The stigma associated with HIV/AIDS will always make those called upon to submit their blood for medical testing to view such requests with suspicion and resentment. As a general rule, it would be incompetent for an employee to be dismissed for such refusal. But exceptions do allow an employer and, in the advent of the New Public Health Act, an officer to demand for such testing and refusal thereof shall constitute insubordination and a dismissal is inevitable. In terms of the said Act, such tests shall only be done at the signature of a magistrate who would have determined, on a balance of probabilities, that it would have been in the interest of public health or public interest that such a test was done. What is to be put into consideration is the employee's nature of the job and the requirements thereof in relation to standing company or other statutory rules. I am tempted to argue here that an employee who works in a blood-handling facility, and is responsible for the care of donated blood stored in the facility, and administers such blood during a transfusion exercises, may face dismissal if they refused to submit their blood sample for testing purposes.

In the case of Gakologelwang Mulalu v. Payless Supermarket IC 540/2004, the Industrial Court had an opportunity to deal with a matter where Mulalu was employed as a general shop assistant and part of her duties required her to work in the Deli. She was instructed to go for a medical check-up but she refused.

The instruction was in accordance with the now repealed Public Health Act which at Section 27 provided for a requirement for all food handlers to undergo a medical examination at least once per annum. The purpose of this was to ascertain whether such officer was infected with or a carrier of communicable diseases. The court ruled that such refusal was unlawful and that the employer was correct in terminating the contract of employment of Mulalu for such insubordination. (See also Orange Toyota (Kimberly) v. Van der Walt & Others (2000) 21 ILJ, at page 298)

What should be emphasised here is that pre- and post-HIV testing as part of assessing the fitness of the candidate to work is unnecessary and should be discouraged. Section 23 (b) of the Employment Act (as amended) prohibits the termination of the contract of employment for an employee for '(e) any other reason which does not affect the employee's ability to perform that employee's duties under the contract of employment.' It is conclusive that being HIV positive on its own does not preclude an employee from performing their duties in any manner whatsoever.

Even in the advent of the New Public Health Act, it can be safely concluded that the HIV status of an employee will not be a reason to terminate their contract of employment and that HIV testing has not been given on a silver platter whereby employers will 'line up' their staff for such tests indiscriminately. Strict rules are in place and these must be followed. The chances of employee rights being violated as a result of such tests as sanctioned by the Act are very remote. The Act clearly states that no one shall be subjected to an HIV test for purposes of employment. There is therefore no cause for alarm as it were.
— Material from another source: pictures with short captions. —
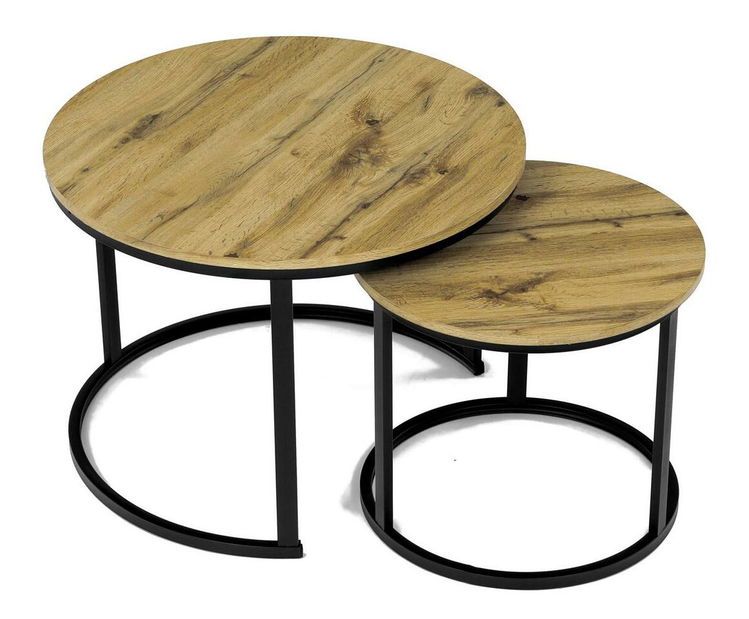 Set 2 konferenčných stolíkov Conjugar (dub divoký)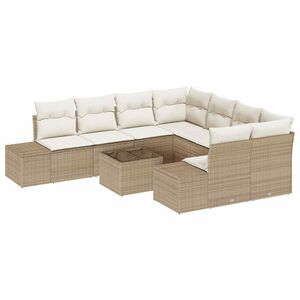 vidaXL Havesofa S&aelig;t med pude 9 pcs Beige polyrattan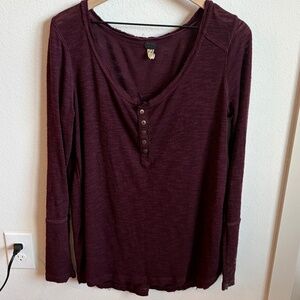 We the Free Free People Burgundy Top Women’s Size Large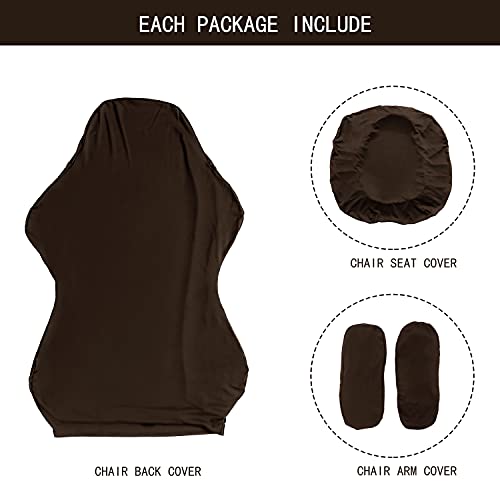 Image of SARAFLORA Gaming Chair Covers Stretch Washable Computer Chair Slipcovers for Armchair, Swivel Chair, Gaming Chair,Computer boss Chair (Brown, X-Large)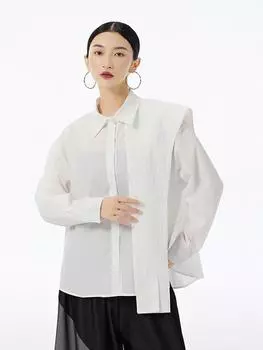Xitao Однотонная женская рубашка в стиле пэчворк, однобортная, с отложным воротником и длинным рукавом, свободный топ, осень 2024 года, DMJ4158 One Size белый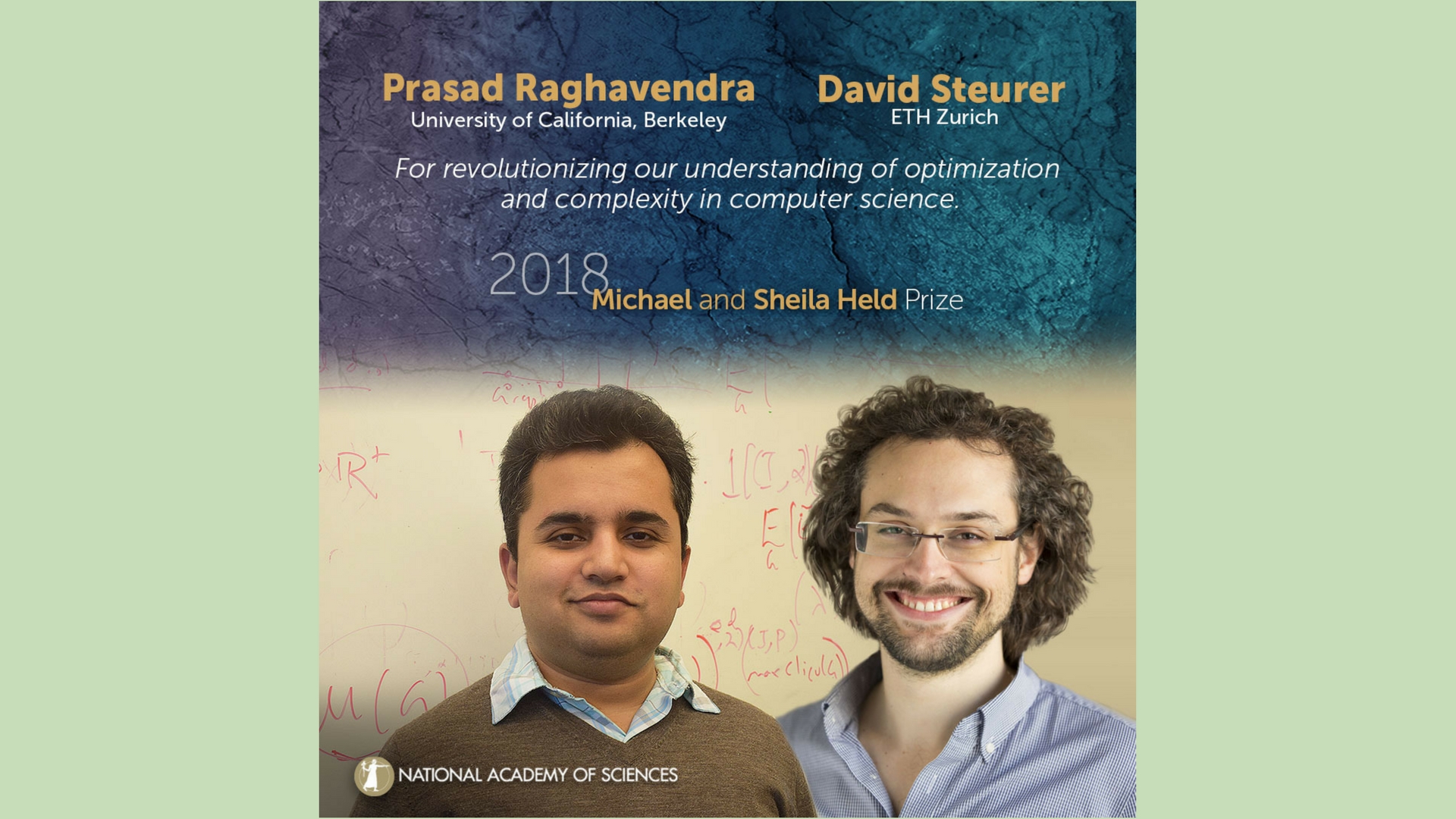 National Academy of Sciences announces winners of inaugural Michael and Sheila Held Prize
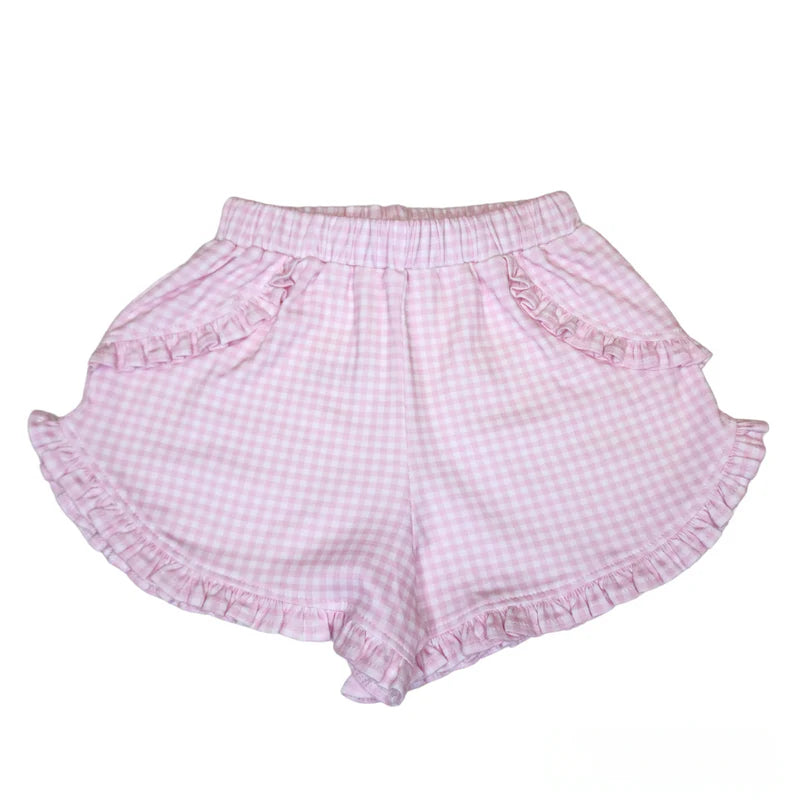 James & Lottie Kinley Ruffle Shorts in Light Pink Gingham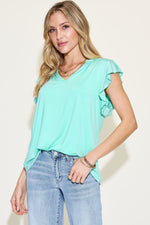 Basic Bae Bamboo Notched Ruffled Tee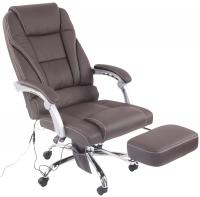 Bürostuhl Pacific Echtleder mit Massagefunktion braun 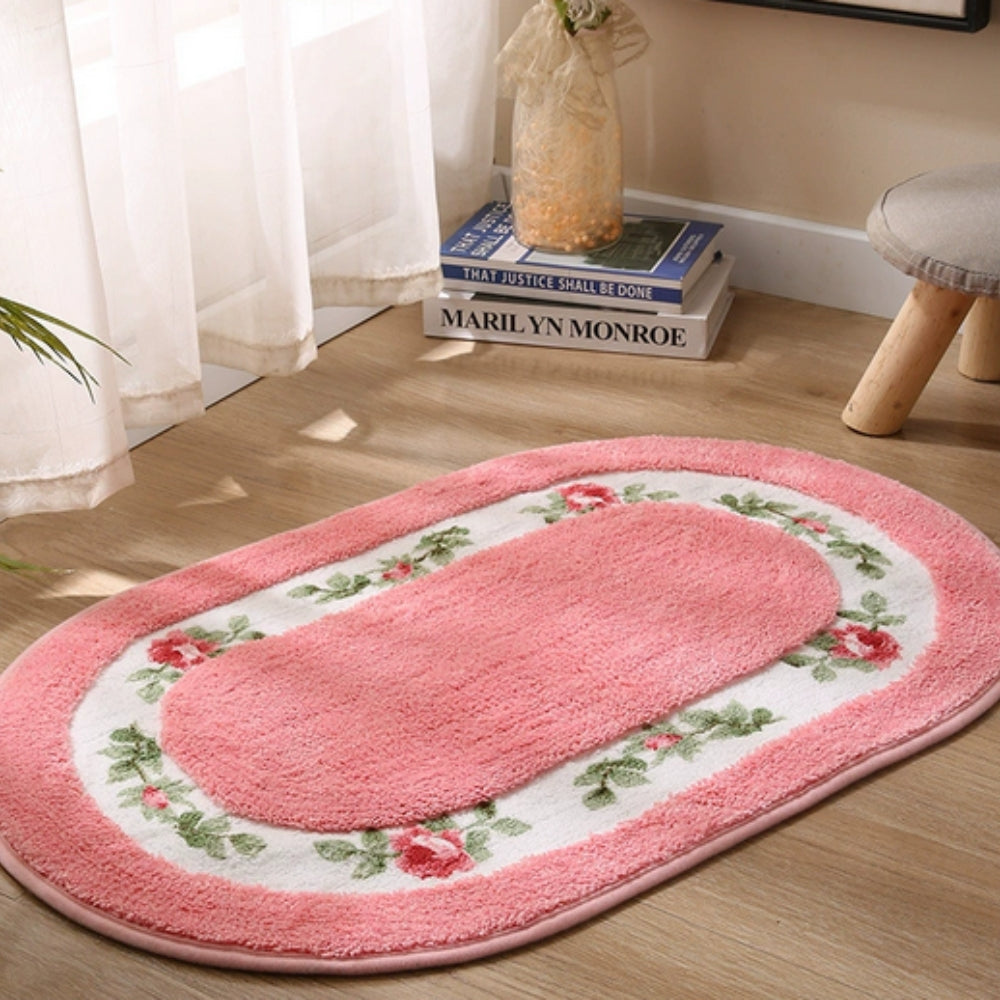 Rosa Bath Mat - Plush Microfibre, Non-Slip Floral Design 0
Employers would do well to take professional legal advice before acting on any matter that may have an effect on the employment contract in order to avoid being faced with disputes of unfair dismissal. Further, employers should keep on keeping on loving and caring for the infected and affected and let not any employee's status be the reason to terminate their employment contracts, discriminate against them, deny them access to programmes and services.